EXERCISE ▸ Set down every record below exactly as it stands, minus the pictures.

EXCERPTED RECORDS ▸
○ ○ ○ ○

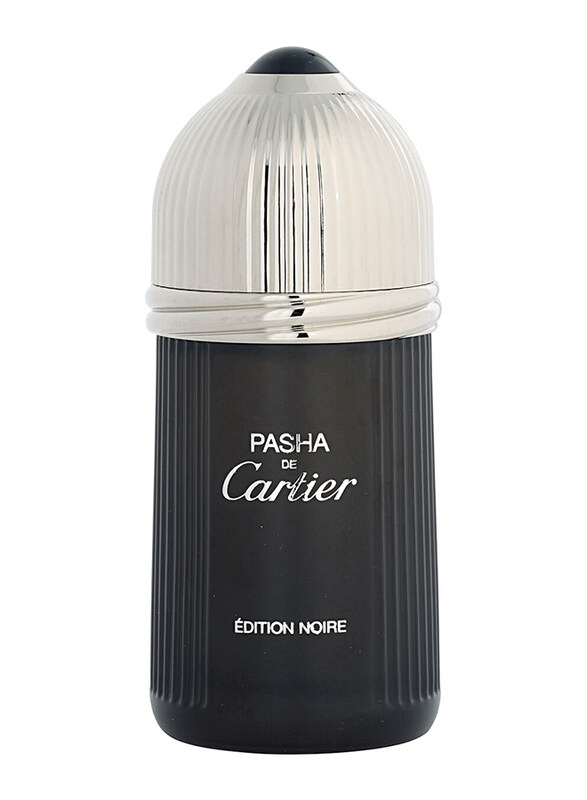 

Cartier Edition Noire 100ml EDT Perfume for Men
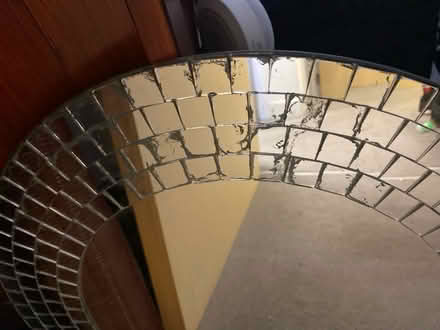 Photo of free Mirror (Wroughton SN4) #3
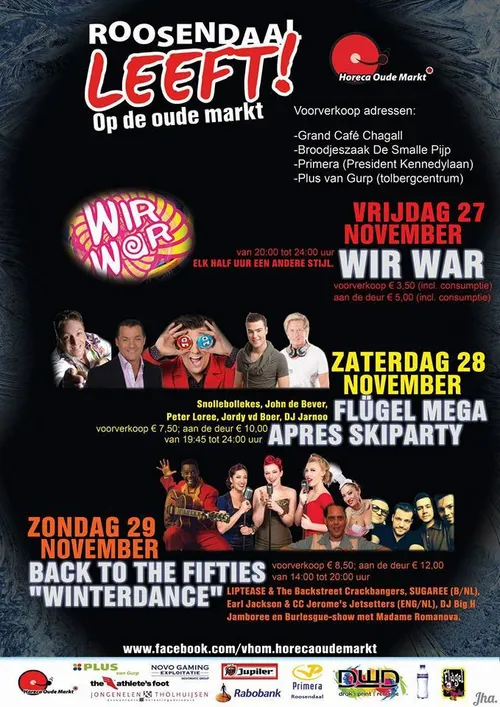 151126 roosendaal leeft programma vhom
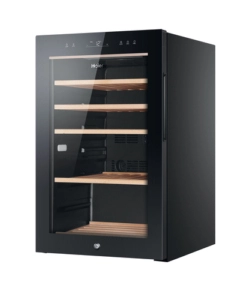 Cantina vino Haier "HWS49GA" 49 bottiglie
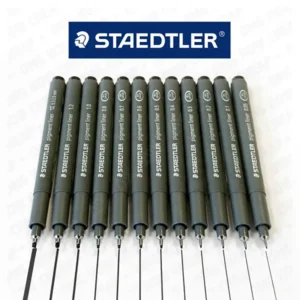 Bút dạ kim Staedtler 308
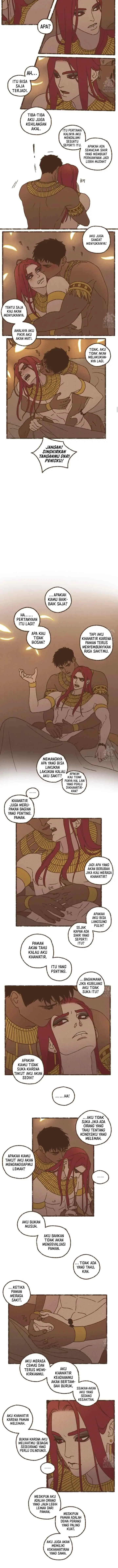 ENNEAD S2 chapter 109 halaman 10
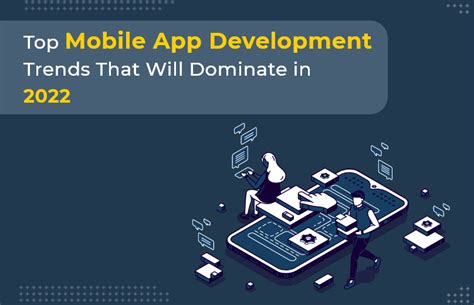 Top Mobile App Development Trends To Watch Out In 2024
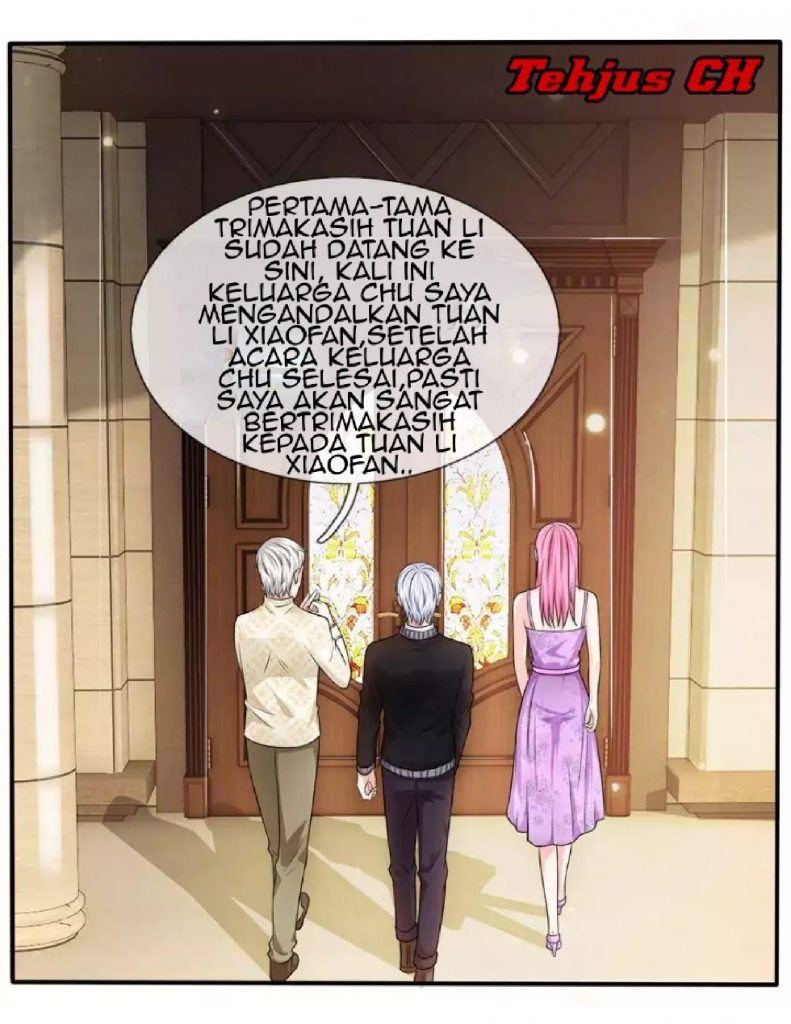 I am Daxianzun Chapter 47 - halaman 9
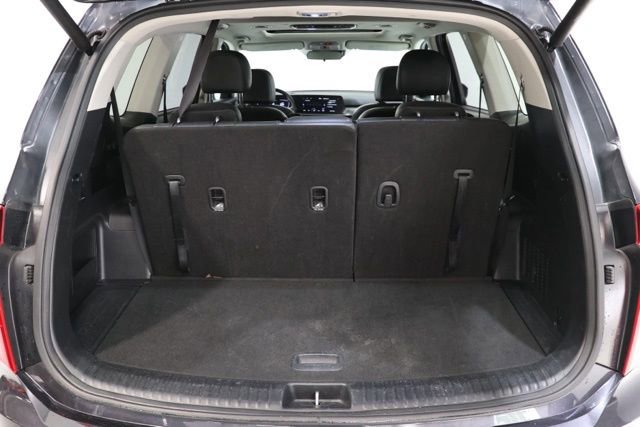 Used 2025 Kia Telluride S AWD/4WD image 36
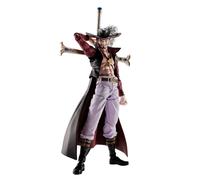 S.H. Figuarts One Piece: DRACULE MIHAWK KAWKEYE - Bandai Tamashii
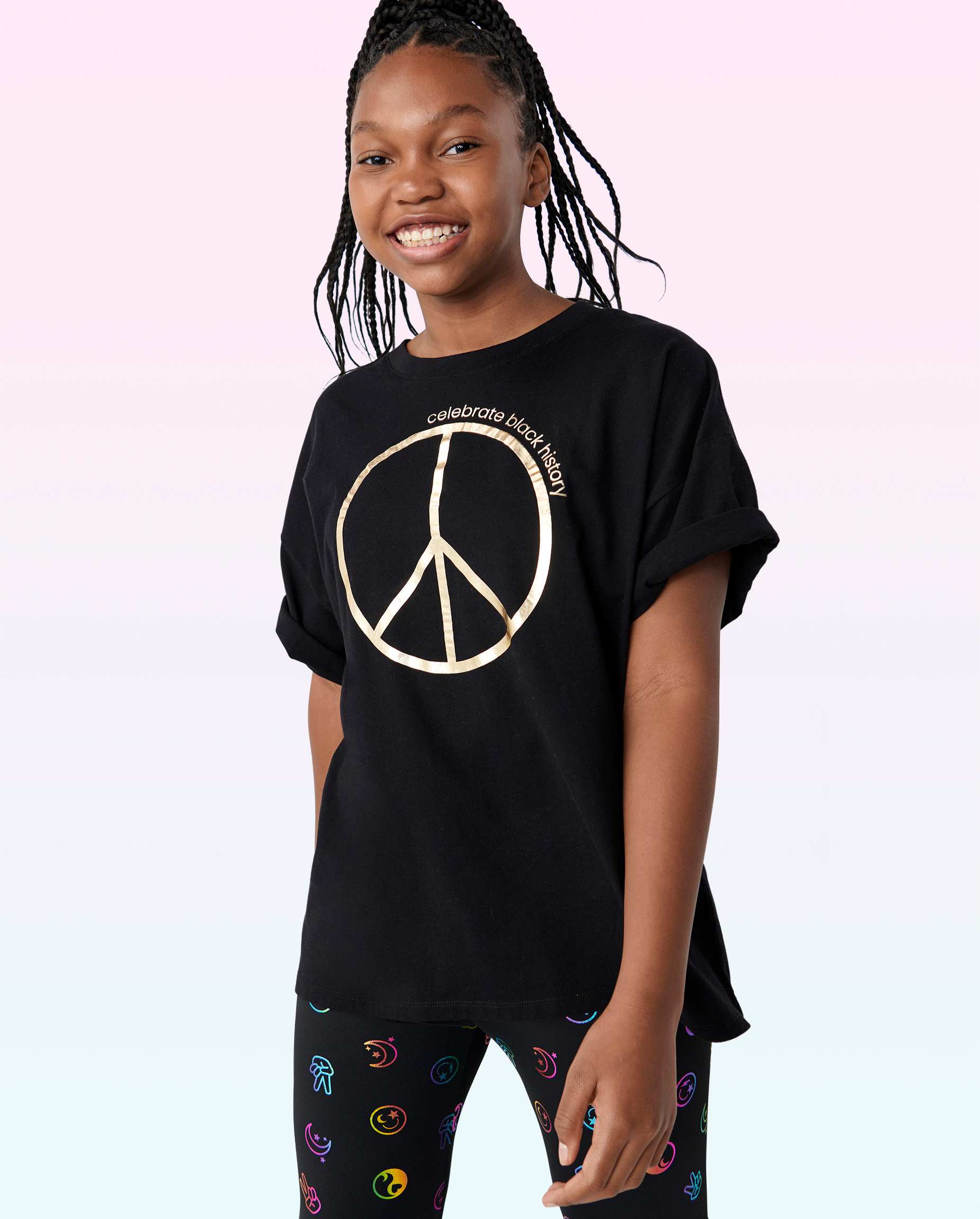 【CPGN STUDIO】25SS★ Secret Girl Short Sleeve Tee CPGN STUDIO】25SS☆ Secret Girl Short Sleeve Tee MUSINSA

○ ○ ○ ○

ANSWER TO THIS TASK ▸
Cartier Edition Noire 100ml EDT Perfume for Men
 Photo of free Mirror (Wroughton SN4) #3
 151126 roosendaal leeft programma vhom
 Cantina vino Haier "HWS49GA" 49 bottiglie
 Bút dạ kim Staedtler 308
 ENNEAD S2 chapter 109 halaman 10
 Top Mobile App Development Trends To Watch Out In 2024
 I am Daxianzun Chapter 47 - halaman 9
 Used 2025 Kia Telluride S AWD/4WD image 36
 S.H. Figuarts One Piece: DRACULE MIHAWK KAWKEYE - Bandai Tamashii
 【CPGN STUDIO】25SS★ Secret Girl Short Sleeve Tee CPGN STUDIO】25SS☆ Secret Girl Short Sleeve Tee MUSINSA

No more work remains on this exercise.